DATA FOR ANALYSIS
--
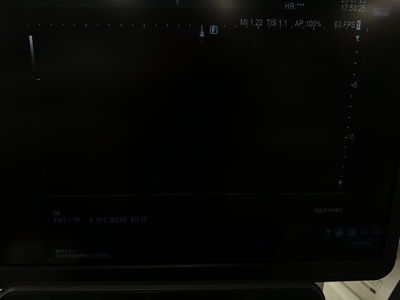 Ultrasound&nbsp;|&nbsp;FUJIFILM&nbsp;|&nbsp;ARIETTA 850SE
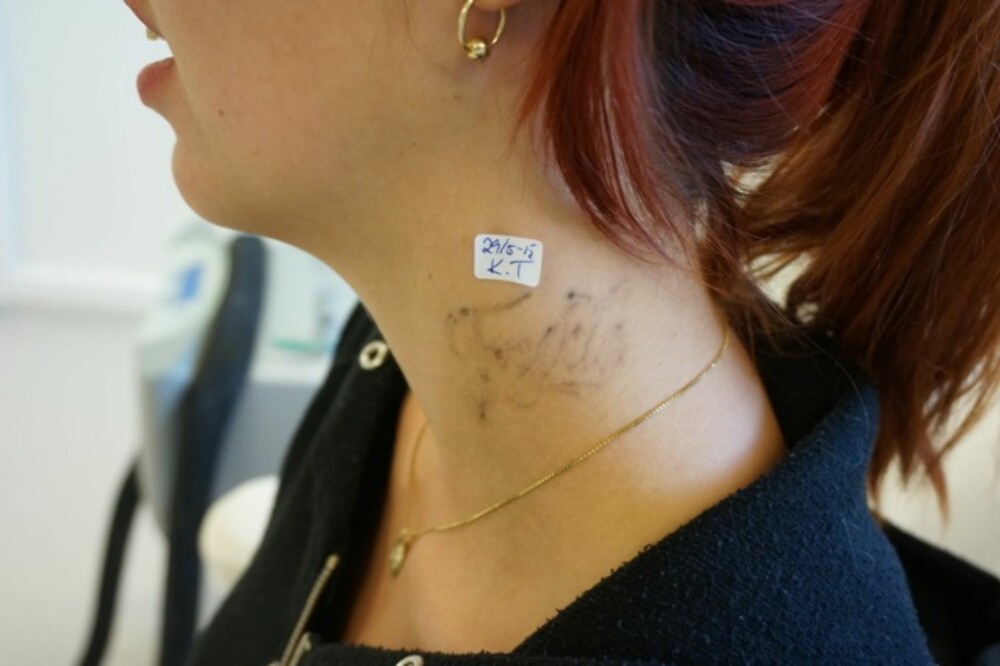 FJERNT MINNE: Mange angrer tatoveringen som ble tatt midt i den sterkeste forelskelses-rusen. Det kan koste deg dyrt i fremtiden, men det er i alle fall mulig å fjerne den betydelig. FJERNT MINNE: Mange angrer tatoveringen som ble tatt midt i den sterkeste forelskelses-rusen. Det kan koste deg dyrt i fremtiden, men det er i alle fall mulig å fjerne den betydelig.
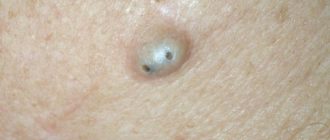 Второй сосок после прыщика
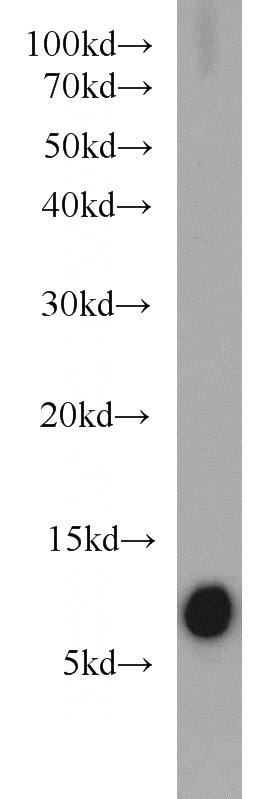 HeLa cells were subjected to SDS PAGE followed by western blot with Catalog No:114961(S100A4 antibody) at dilution of 1:500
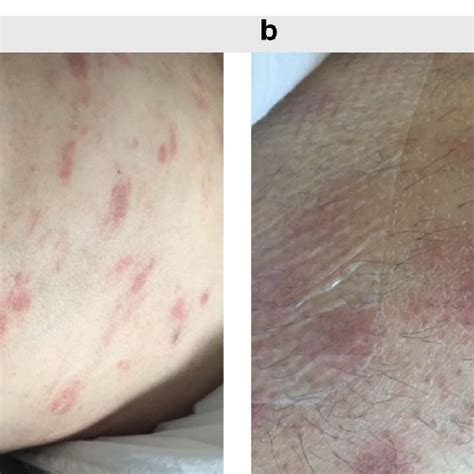 Skin Lesions On Trunk And Upper Limb A Cutaneous Eruption On Trunk B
--
PROBLEM STATEMENT
Retype, exactly and only, the lines from the one containing "den betydelig. FJERNT" through the end of the entries, both ends included, and omit all pictures.

SOLUTION BELOW
 FJERNT MINNE: Mange angrer tatoveringen som ble tatt midt i den sterkeste forelskelses-rusen. Det kan koste deg dyrt i fremtiden, men det er i alle fall mulig å fjerne den betydelig. FJERNT MINNE: Mange angrer tatoveringen som ble tatt midt i den sterkeste forelskelses-rusen. Det kan koste deg dyrt i fremtiden, men det er i alle fall mulig å fjerne den betydelig.
 Второй сосок после прыщика
 HeLa cells were subjected to SDS PAGE followed by western blot with Catalog No:114961(S100A4 antibody) at dilution of 1:500
 Skin Lesions On Trunk And Upper Limb A Cutaneous Eruption On Trunk B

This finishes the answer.